1991: Former Ohio Govs. Richard Celeste and James Rhodes join Gov. George Voinovich for the opening of the Ohio State Fair in Columbus.

The Fuji Photo Film blimp is flying over the Youngstown area providing a bird’s-eye view of the Phar-Mor Pro-Am Tournament at Squaw Creek Country Club.

Martha Clark, 77, of Cannonsburg, Pa., visits 2-week old Nicholas Timko, son of Mr. and Mrs.

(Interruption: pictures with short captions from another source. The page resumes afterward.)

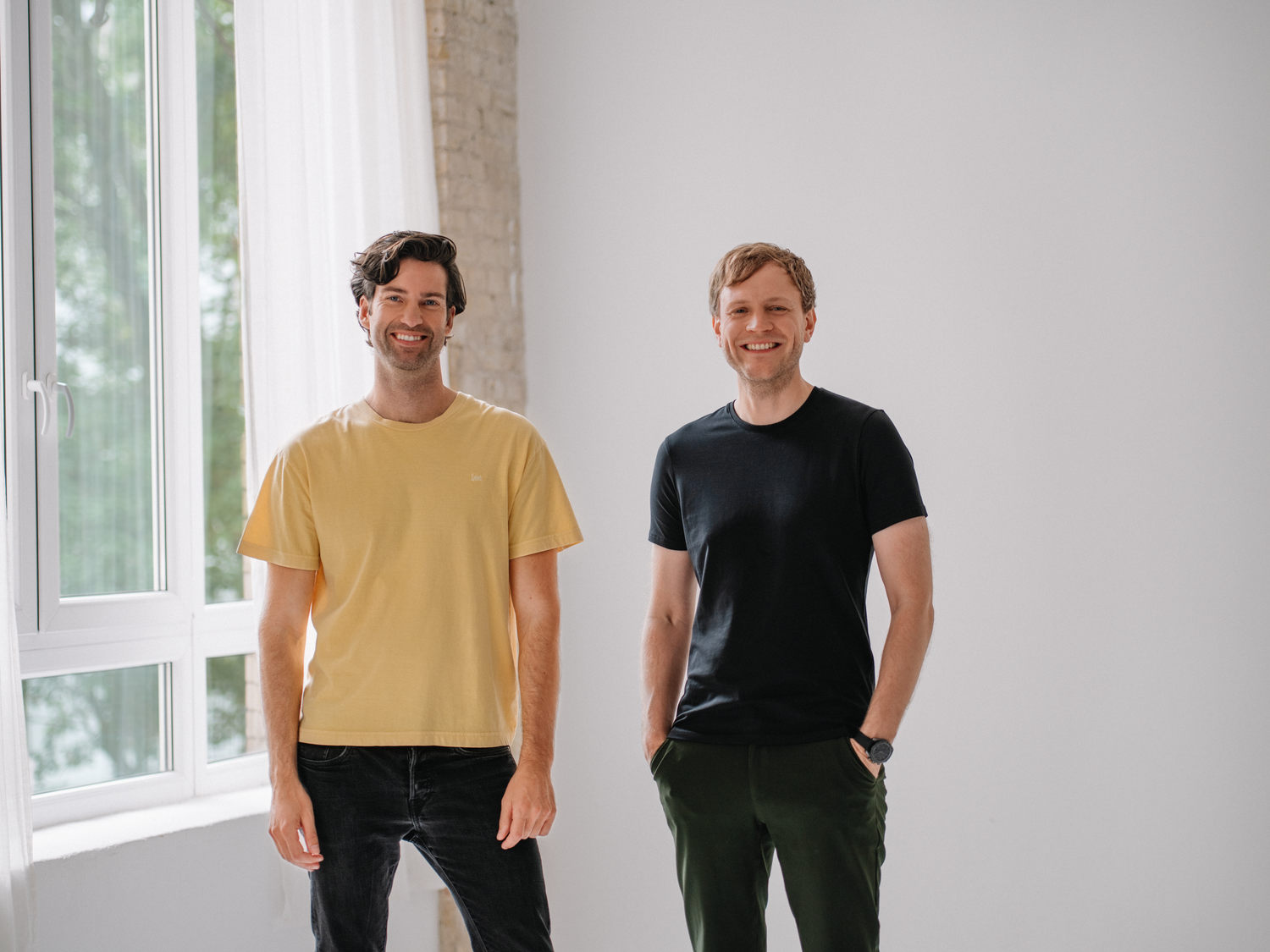 Gründern Fabian Terner (links im Bild) und Malte Rau (rechts im Bild)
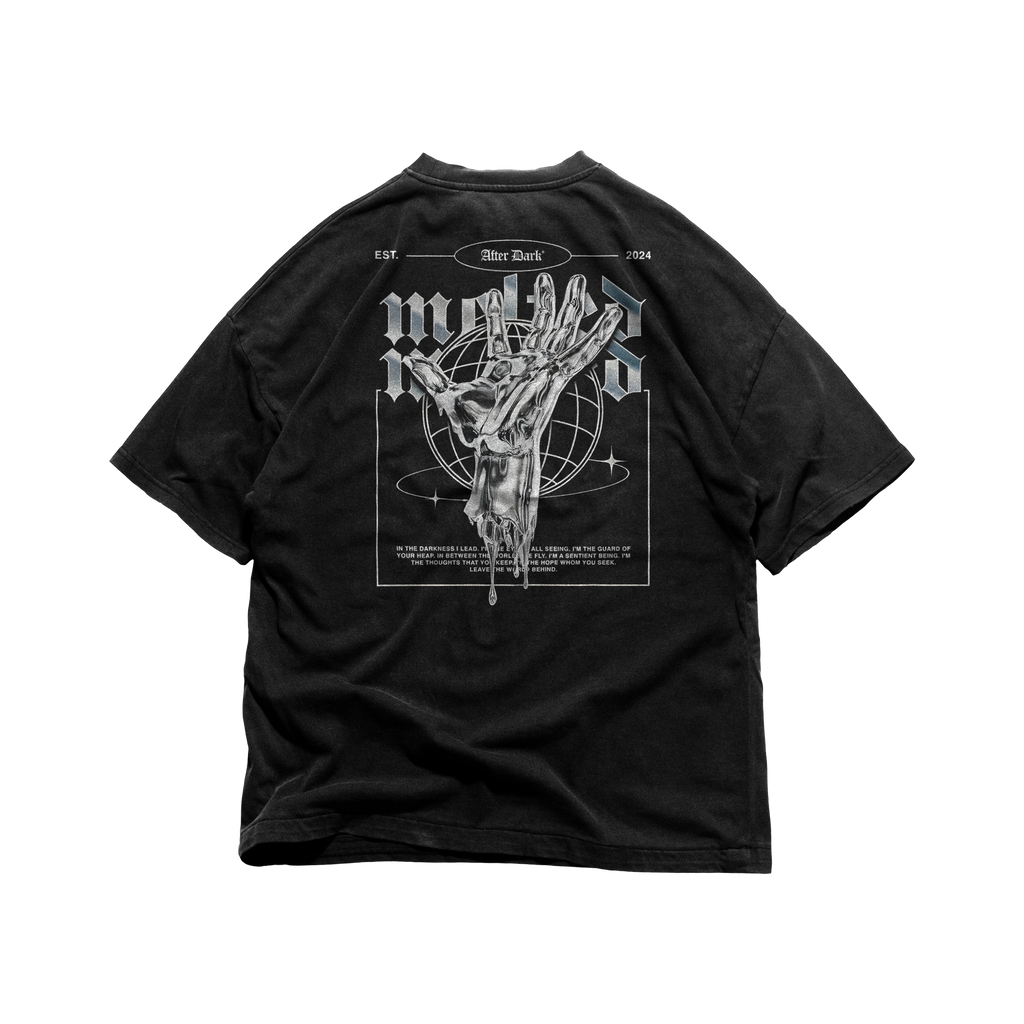 MELTS TEE BLACK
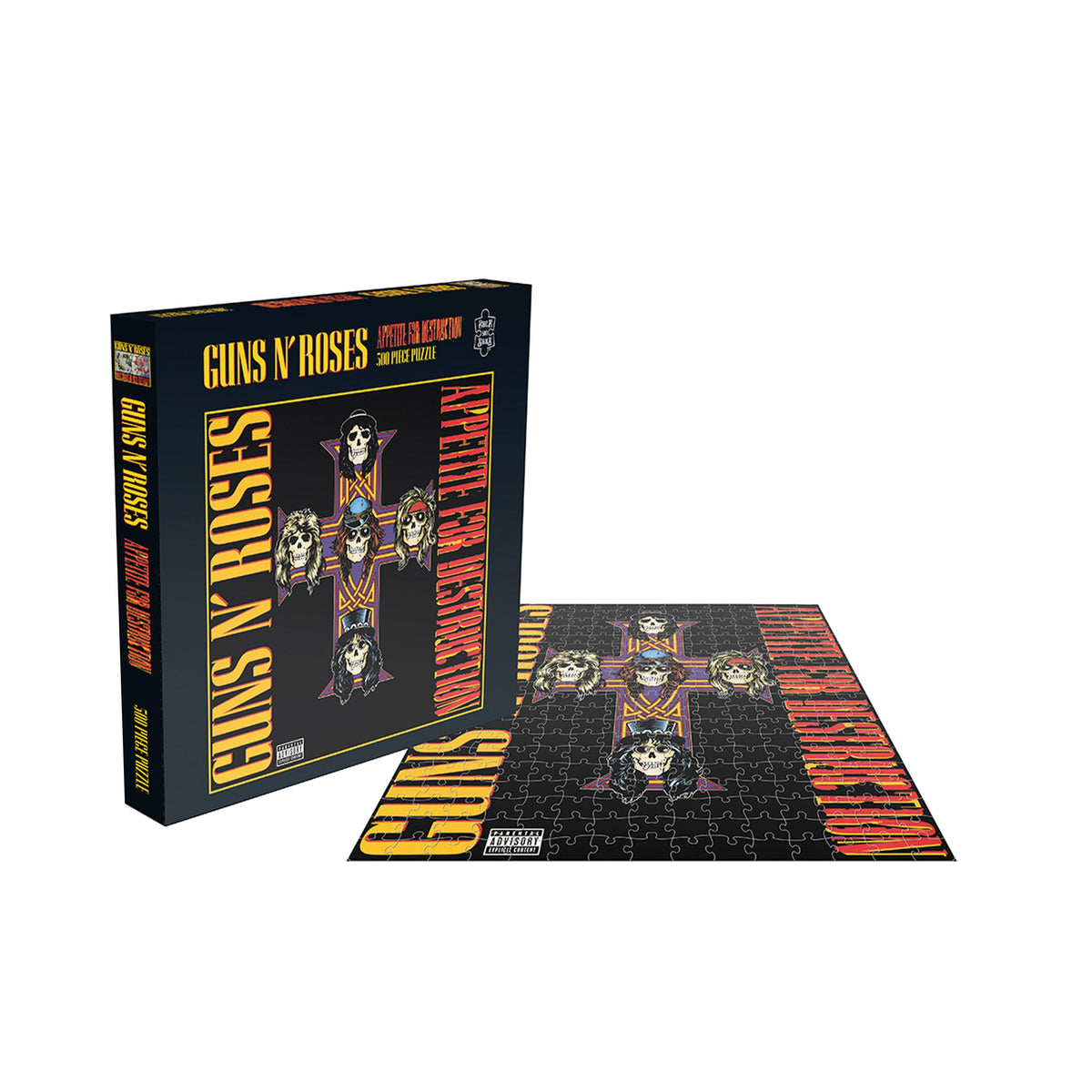 RockSaws Puzzles, 16 x 16, Jigsaw Puzzle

Richard Timko of Berlin Center, her 55th great- grandchild, and her 100th grandchild or great-grandchild.

1976: Warren police are investigating the shooting death of Vernon Procopio, 56, owner of the Triangle Inn, whose body was found in the basement of the tavern on Youngstown Road SE.

Scuba divers join the search for Loretta Hobbs, 33, of Culver City, Calif., daughter of Youngstown Municipal Judge Lloyd R. Haynes, who disappeared when a 25-foot cabin cruiser capsized in heavy seas off Playa Del Rey, Calif.

Some 110 members of the United Rubber and Plastics Workers Union, Local 956, are picketing the Plakie Toys Inc. plant at 4105 Simon Road in a strike over wages and fringe benefits.

1966: General Fireproofing Co. President John A. Saunders announces that the company will spend $12.2 million on a three-year expansion program at its Youngstown plant.

A drive to raise $30,000 to remodel and equip two homes for neglected boys and girls opens at a dinner attended by 150 community leaders. It is sponsored by Steel Valley Homes for Youths Inc. at the Mural building.

George Bellino, Youngstown golf pro, fires an even-par 71 to qualify for the $100,000 Cleveland Open at Lakewood County Club.

1941: Craig Wood, National Open golf champion, smashes the course record at Mahoning Country Club as he breezes around the first 18 holes in his match with Vic Ghezzi, PGA titleholder, in 63 strokes.

A 1,000-seat theater costing $125,000 will be built on East Midlothian Boulevard, between Market and Hillman streets, by Paul and M. Joseph Raful, Youngstown district theater operators. It will be named the Newport Theater.

Richard Rotzel will join the faculty of the Youngstown College Business and Secretarial School as a typing teacher. He succeeds Miss Nancy Cummins.